The old man shrugs: "I hear the person who bought my franchise did not have the same flair for the job that I did."

"No, he didn't. That's why he got caught, and is rotting away about three levels down, and is darn lucky he gets fed more than once a day. I want to talk to you."

"So now you are being the Big Man? Now you are the man with some kind of plan to get us in good with the authorities?"

"No. Now I'm the man who needs someone who understands combat psychology, and could come up with a formula that would cause people who've been genetically bred to not be afraid to take a monster-sized dump in their pants and run when we show up."
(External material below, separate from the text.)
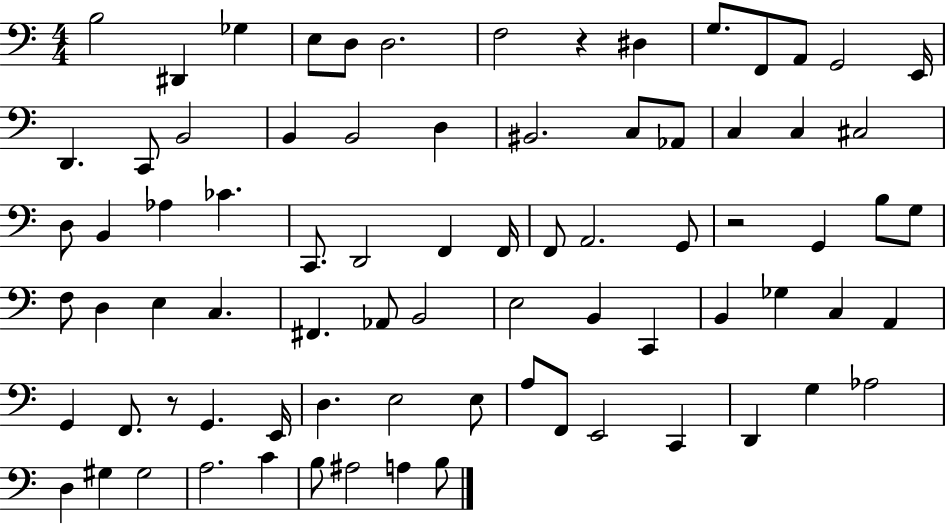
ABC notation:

The yellow eyes narrow, and then blink. The fingers splay open and steeple exactly five times. He doesn't breathe as he does this.

"I would need a proper laboratory," he says: "As much information as you could get for me. Genetic and psychological. Behavioral patterns. And enough time to synthesize-"

"That's one thing we don't have, Professor," Myron says, rising up and going to bang on the cell door: "Time. Everything else I can get. But time is something we do not freaking have. Can you work quick?"

"Young man, you forget yourself. You are talking to the man created fear serum from a closet of cleaning chemicals in less than an hour to escape a county jail, back in the thirties."

"Yes, you did," Underman replies, seeing the pride in the old man's voice and deciding to !@#$ on it: "Then you're just the man I can use, Professor. But I need to ask you one question, first."

"Which is what, exactly?"

"Are you all the way in?"

"What do I get for it?"

"Out of here, for one thing," Myron says: "Better quarters. Some freedom. Paid for a change. Maybe a hit or two of Anti-Age, just to get your joints working again."

"That would be most considerate-"

"But you remember, you work for The COMPANY, now. That means you work for me, which means you work for SPYGOD, ultimately. No monkey business, no double-crossing, and no attempts to run for it. I think you're gonna be a problem to the program, you go right back here, and I go talk to the waste of skin you sold your old mask to.

"And I find out you are messing with the program... I let SPYGOD deal with you. And he doesn't need fear gas to make you turn your pants brown."

"Can I... can I have my old mask back?" the old man asks, and there's something almost pathetic about his voice.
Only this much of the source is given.